Book Review: Earth Girl (Earth Girl Series # 1)
Don’t Judge A Book By It’s Cover – a term most of us are familiar with and I’ll admit it: I do. This time, I was smitten by the mysterious blue cover and I needed to know more. Then I read the synopsis and I immediately hopped on the waiting list at my local library.
The official teaser for Earth Girl is this:
A sensational YA science fiction debut from an exciting new British author. Jarra is stuck on Earth while the rest of humanity portals around the universe. But can she prove to the norms that she’s more than just an Earth Girl?
2788. Only the handicapped live on Earth. While everyone else portals between worlds, 18-year-old Jarra is among the one in a thousand people born with an immune system that cannot survive on other planets. Sent to Earth at birth to save her life, she has been abandoned by her parents. She can’t travel to other worlds, but she can watch their vids, and she knows all the jokes they make. She’s an ‘ape’, a ‘throwback’, but this is one ape girl who won’t give in.
My thoughts were: All Right! A strong female character that (hopefully) I won’t end up hating! So far so good, I really like Jarra. She’s a smart, determined girl who despite her Handicap says “eff you” to society and tries to live her life as if she were “normal”. I think that can speak to anyone living today, about overcoming challenges you face and being yourself, living life to the fullest every day. What I just didn’t get was why some people couldn’t live on other planets. Why not people who could live in some places and not others? I know it’s necessary for the plot, but I’m hoping more gets revealed in book 2, Earth Star.
Jarra sometimes is too good to be true. She’s way more experienced in the field than other students, knows how to fly a plane etc. Sometimes it can get a little dry “Oh look she knows how to do that too.” And in the synopsis, it’s mentioned that she “can’t hide in the back of the class anymore.” Except she NEVER did. She was schooling them right from the beginning – so I thought that was a bit misleading. However, Edwards did explain how she was so much more further ahead than her class, she simply had the advantage living on earth all her life. Despite the fact she had all the experience, how she led the class in everything and no one seemed to care was annoying. Sometimes Jarra was just too perfect.

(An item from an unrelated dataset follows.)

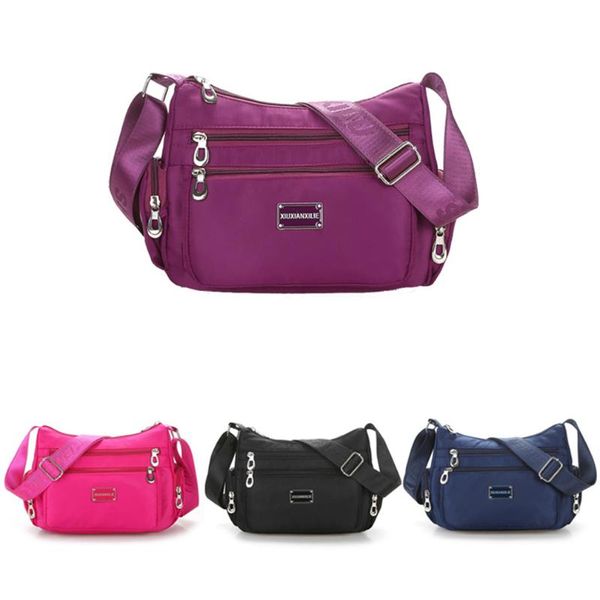 

evening bags women handbag multi-functional bag women's shoulder durable waterproof light nylon fabric messenger female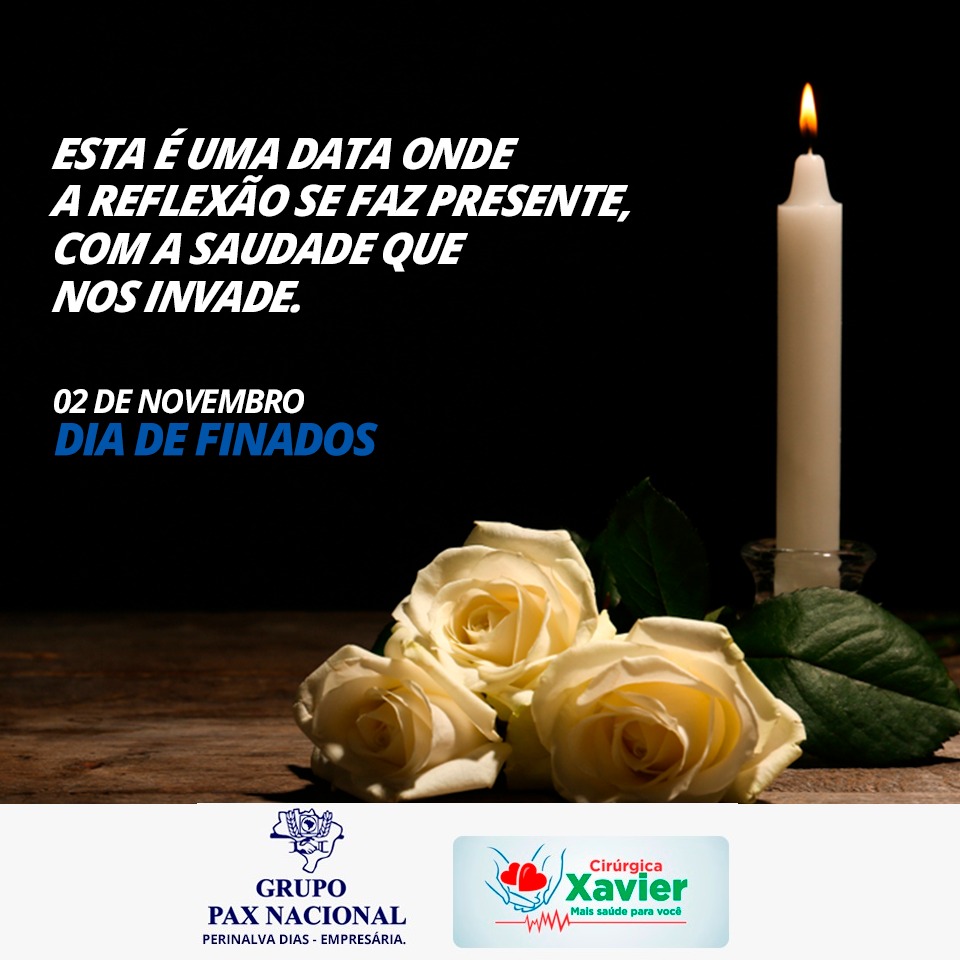 Uma mensagem do Grupo Pax Nacional e Cirúrgica Xavier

While living in the fantastical world of Earth 2778, the author Janet Edwards gives all of the cast members believable pasts and presents. They’re kids in the first year of college – included is all the awkwardness, hormones, drama and romance that we remember (or will experience) from those years. The emotions and relationships were all fairly believable and there was even spins on the stereotypes, eg. the rich popular girl ends up not to be a jerk. The love interest Fian isn’t really my type (I’m more of an Alpha-man fan) but it was nice to see less stereotypical take on the YA love tropes.
Jarra’s inner struggles were well illustrated and it was helpful that it was written in first person. To avoid spoilers I won’t get into much detail here, but around 50% into the book she suffers a shocking loss and goes inside herself, reemerging as a character, Military Jarra not the Jarra we knew from before. I have mixed feelings about that and it was confusing at first. I like the real Jarra much better, and I’m sure the author intended it to be that way, but Military Jarra was too cocky for me. Eventually she snaps out of it, but I found it too sudden.
Oh the world building – what can I say? I loved it! Now keeping in mind I’m not a Sci-Fi reader most of the time, I know other people did have mixed views on the world, but I thought it was well put together. There was history, back stories, culture, customs, languages – this list goes on. I think it all tied in really well, but sometimes the chunks of history got a bit overwhelming and I started to feel like I was reading a textbook, however it was all necessary to the plot. I just wish it could had been done in a less “info dump” manner. The technology was awesome. I especially enjoyed the slang terms like “amaz” and “newzies”, it was close enough to how we speak now that I knew what was being said and it flowed into regular conversations seamlessly. I’ve even caught myself thinking “nardle” a few times since finishing the book. From history to entertainment, transportation to food, Edwards has really put effort into making the world of 2778 come together full circle.
Also I just need a moment to share with you all how much I loved the hover suitcases.
It was such a small thing in the world-building, but I went giddy over it. But honestly how can you not when it was phrased like this: “My bags gathered up in a tight group behind me, bouncing up and down slightly in mid air like obedient but excited puppies.” (Chapter 3, Earth Girl)
I even tweeted about it. (Sad to say I didn’t get hover luggage from Santa.)
Even though the ending was a bit anti-climatic (eg. the big “I’m an ape-girl” reveal was nearly non-existent), I think this book deserves a lot more attention than it’s been getting. I’m not even a Sci-Fi fan and I loved it. As soon as my copy of Earth Star comes in, I will most likely go into hermit mode and read it in one sitting.